What needs to be done >> Word for word, repeat each record that follows.

(Records contained in a dataset)
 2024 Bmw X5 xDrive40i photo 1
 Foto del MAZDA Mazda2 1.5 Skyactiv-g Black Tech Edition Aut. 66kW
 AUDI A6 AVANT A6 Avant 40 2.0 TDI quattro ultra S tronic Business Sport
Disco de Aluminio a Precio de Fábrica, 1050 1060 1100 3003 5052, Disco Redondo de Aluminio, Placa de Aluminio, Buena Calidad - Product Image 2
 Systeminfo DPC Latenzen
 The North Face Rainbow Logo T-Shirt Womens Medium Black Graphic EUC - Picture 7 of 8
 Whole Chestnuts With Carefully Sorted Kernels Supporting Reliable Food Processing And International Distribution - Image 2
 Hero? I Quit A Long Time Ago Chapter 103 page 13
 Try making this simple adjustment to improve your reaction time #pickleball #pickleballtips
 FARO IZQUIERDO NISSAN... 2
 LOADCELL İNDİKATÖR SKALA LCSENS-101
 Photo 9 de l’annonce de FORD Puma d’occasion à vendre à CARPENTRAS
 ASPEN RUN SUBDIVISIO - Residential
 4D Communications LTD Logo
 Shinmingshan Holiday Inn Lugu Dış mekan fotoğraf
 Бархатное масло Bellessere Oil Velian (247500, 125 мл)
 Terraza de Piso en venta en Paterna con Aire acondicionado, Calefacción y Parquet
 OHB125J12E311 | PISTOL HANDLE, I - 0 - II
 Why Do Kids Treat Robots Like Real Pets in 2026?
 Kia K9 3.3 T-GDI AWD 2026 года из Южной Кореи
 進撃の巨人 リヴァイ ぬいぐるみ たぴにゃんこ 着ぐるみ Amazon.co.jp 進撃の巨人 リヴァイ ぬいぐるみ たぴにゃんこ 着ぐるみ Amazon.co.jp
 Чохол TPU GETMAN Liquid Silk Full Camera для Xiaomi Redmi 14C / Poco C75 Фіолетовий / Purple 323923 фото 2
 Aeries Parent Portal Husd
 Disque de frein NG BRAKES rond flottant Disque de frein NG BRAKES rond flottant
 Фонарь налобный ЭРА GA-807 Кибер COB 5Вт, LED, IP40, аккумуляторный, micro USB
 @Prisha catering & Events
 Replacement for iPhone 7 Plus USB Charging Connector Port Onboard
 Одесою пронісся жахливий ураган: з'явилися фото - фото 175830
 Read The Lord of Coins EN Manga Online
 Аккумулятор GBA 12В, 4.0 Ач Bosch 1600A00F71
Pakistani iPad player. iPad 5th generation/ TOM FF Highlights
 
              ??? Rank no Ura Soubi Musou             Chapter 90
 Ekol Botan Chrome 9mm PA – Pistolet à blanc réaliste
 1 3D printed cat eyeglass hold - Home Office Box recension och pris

Completed exercise >>
 2024 Bmw X5 xDrive40i photo 1
 Foto del MAZDA Mazda2 1.5 Skyactiv-g Black Tech Edition Aut. 66kW
 AUDI A6 AVANT A6 Avant 40 2.0 TDI quattro ultra S tronic Business Sport
Disco de Aluminio a Precio de Fábrica, 1050 1060 1100 3003 5052, Disco Redondo de Aluminio, Placa de Aluminio, Buena Calidad - Product Image 2
 Systeminfo DPC Latenzen
 The North Face Rainbow Logo T-Shirt Womens Medium Black Graphic EUC - Picture 7 of 8
 Whole Chestnuts With Carefully Sorted Kernels Supporting Reliable Food Processing And International Distribution - Image 2
 Hero? I Quit A Long Time Ago Chapter 103 page 13
 Try making this simple adjustment to improve your reaction time #pickleball #pickleballtips
 FARO IZQUIERDO NISSAN... 2
 LOADCELL İNDİKATÖR SKALA LCSENS-101
 Photo 9 de l’annonce de FORD Puma d’occasion à vendre à CARPENTRAS
 ASPEN RUN SUBDIVISIO - Residential
 4D Communications LTD Logo
 Shinmingshan Holiday Inn Lugu Dış mekan fotoğraf
 Бархатное масло Bellessere Oil Velian (247500, 125 мл)
 Terraza de Piso en venta en Paterna con Aire acondicionado, Calefacción y Parquet
 OHB125J12E311 | PISTOL HANDLE, I - 0 - II
 Why Do Kids Treat Robots Like Real Pets in 2026?
 Kia K9 3.3 T-GDI AWD 2026 года из Южной Кореи
 進撃の巨人 リヴァイ ぬいぐるみ たぴにゃんこ 着ぐるみ Amazon.co.jp 進撃の巨人 リヴァイ ぬいぐるみ たぴにゃんこ 着ぐるみ Amazon.co.jp
 Чохол TPU GETMAN Liquid Silk Full Camera для Xiaomi Redmi 14C / Poco C75 Фіолетовий / Purple 323923 фото 2
 Aeries Parent Portal Husd
 Disque de frein NG BRAKES rond flottant Disque de frein NG BRAKES rond flottant
 Фонарь налобный ЭРА GA-807 Кибер COB 5Вт, LED, IP40, аккумуляторный, micro USB
 @Prisha catering & Events
 Replacement for iPhone 7 Plus USB Charging Connector Port Onboard
 Одесою пронісся жахливий ураган: з'явилися фото - фото 175830
 Read The Lord of Coins EN Manga Online
 Аккумулятор GBA 12В, 4.0 Ач Bosch 1600A00F71
Pakistani iPad player. iPad 5th generation/ TOM FF Highlights
 
              ??? Rank no Ura Soubi Musou             Chapter 90
 Ekol Botan Chrome 9mm PA – Pistolet à blanc réaliste
 1 3D printed cat eyeglass hold - Home Office Box recension och pris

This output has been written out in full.